Je viens de mentionner l’importance des valeurs chrétiennes dans la solution des problèmes sociaux et familiaux, et je voudrais souligner ici leur importance dans la vie publique tout entière. Il en va pour la femme comme pour l’homme : lorsqu’elle est amenée à participer à l’activité politique, sa foi chrétienne lui confère la responsabilité d’accomplir un véritable apostolat, c’est-à-dire de rendre un service chrétien à toute la société. Il ne s’agit pas de représenter officiellement ou officieusement l’Église dans la vie publique, et encore moins de se servir de l’Église pour sa carrière personnelle ou pour les intérêts de son parti. Au contraire, il s’agit de former, en toute liberté, ses propres opinions sur tous les sujets temporels qui sont laissés à la liberté des chrétiens et d’assumer ses responsabilités personnelles en matière de pensée et d’action, en restant conséquent avec la foi qu’on professe.

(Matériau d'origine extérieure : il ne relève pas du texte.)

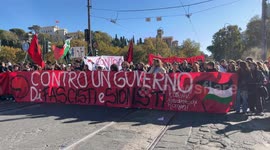 Students protest behind a banner with the slogan ‘against a government of fascists and Zionists’ during the No Meloni Day protest march in Rome.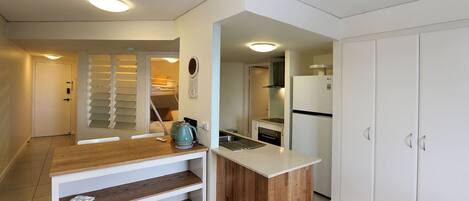 A compact kitchen with a wooden countertop, a built-in sink, and a white refrigerator.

Je ne comprends pas ces catholiques – et moins encore ces prêtres – qui, depuis des années, la conscience tranquille, conseillent l’emploi de la pilule pour éviter la conception : car on ne saurait, sans triste désinvolture, ignorer l’enseignement pontifical. Ils ne peuvent non plus alléguer – comme ils le font, avec une légèreté incroyable – que le pape, lorsqu’il ne parle pas ex cathedra, est un simple docteur privé sujet à l’erreur. Juger que le pape se trompe et pas eux, cela suppose déjà une arrogance démesurée.

Ils oublient, au surplus, que le souverain pontife n’est pas seulement un docteur – infaillible, quand il le dit expressément – mais encore le suprême législateur. Et dans le cas présent, ce que l’actuel pontife Paul VI a disposé, d’une manière qui ne permet aucune équivoque, c’est qu’il faut suivre en cette matière si délicate – car elles sont toujours en vigueur – toutes les dispositions du saint pontife Pie XII, de vénérée mémoire : et Pie XII a seulement permis quelques procédés naturels – non pas la pilule – pour éviter la conception dans des cas isolés et difficiles. Conseiller le contraire est, par conséquent, désobéir gravement au Saint-Père en matière grave.

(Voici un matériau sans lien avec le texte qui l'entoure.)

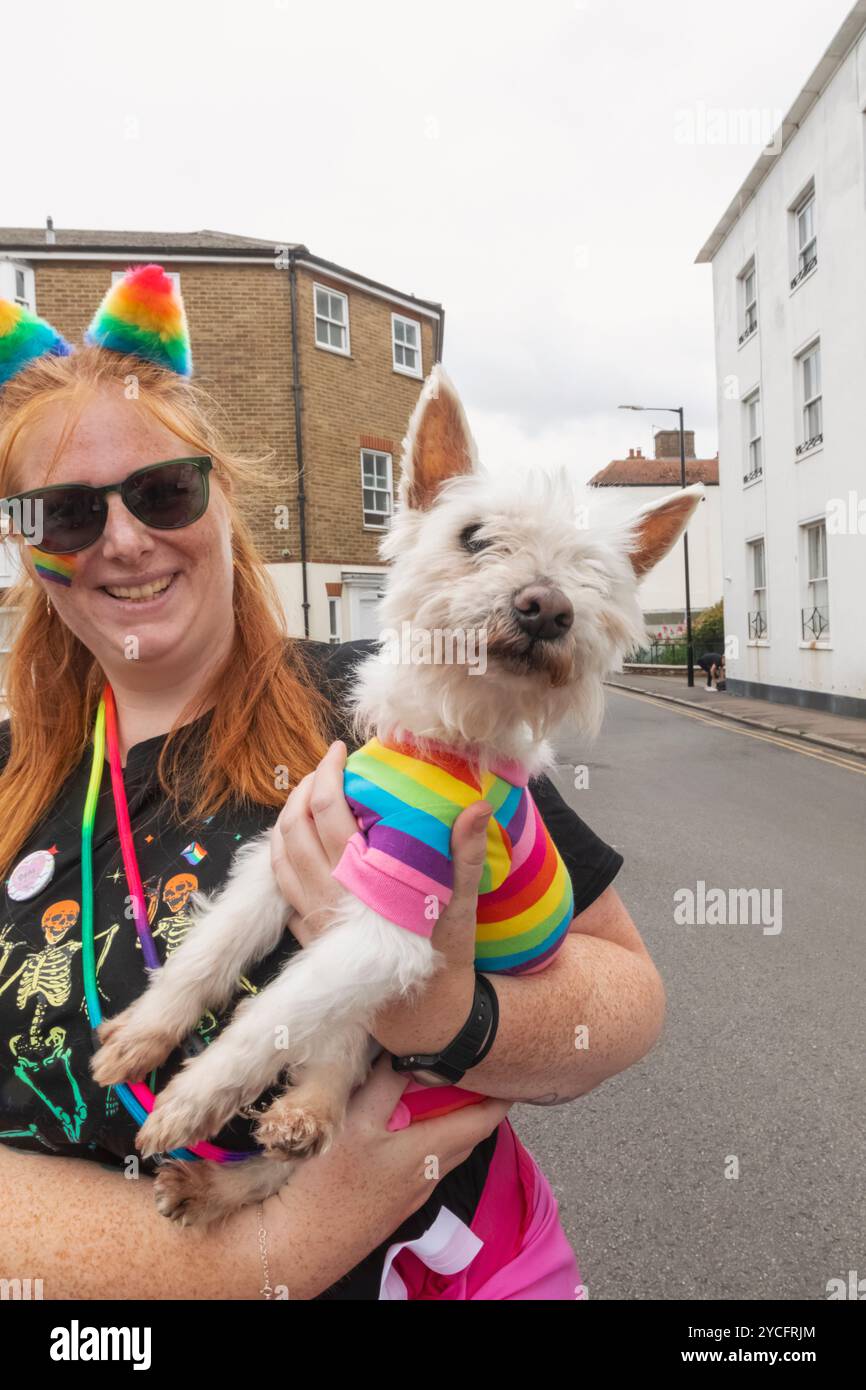 Inghilterra, Kent, Deal, Deal Pride Festival, donna che tiene in mano un cane che indossa un maglione colorato Pride Foto Stock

Je pourrais écrire un gros volume sur les conséquences malheureuses qu’entraîne, dans tous les ordres, l’emploi de ces moyens, ou d’autres, contre la conception : destruction de l’amour conjugal, le mari et la femme ne se regardent plus comme des époux, ils se regardent comme des complices, malheur, infidélité, déséquilibres spirituels et mentaux, maux incalculables pour les enfants, perte de la paix dans le ménage… Mais je ne l’estime pas nécessaire, je préfère me limiter à obéir au pape. Si, un jour, le souverain pontife décidait que l’emploi d’un médicament déterminé pour éviter la conception est licite, je me conformerais aux instructions du Saint-Père ; et, m’en tenant aux normes pontificales et à celles de la théologie morale, examinant dans chaque cas les dangers évidents auxquels je viens de faire allusion, je donnerais à chacun, en conscience, mon conseil.

Et je tiendrai toujours compte du fait que ceux qui sauveront notre monde d’aujourd’hui, ce ne sont pas ceux qui prétendent anesthésier la vie de l’esprit et tout réduire à des questions économiques ou de bien-être matériel, mais ceux qui savent que la norme morale est en fonction du destin éternel de l’homme : ceux qui ont foi en Dieu, affrontent généreusement les exigences de cette foi et propagent chez ceux qui les entourent le sens transcendant de notre vie sur la terre.

C’est cette certitude qui doit conduire, non pas à encourager l’évasion, mais à tout mettre en œuvre, efficacement, pour que chacun ait les moyens matériels nécessaires, pour qu’il y ait du travail pour tous, et que personne ne se trouve injustement limité dans sa vie familiale et sociale.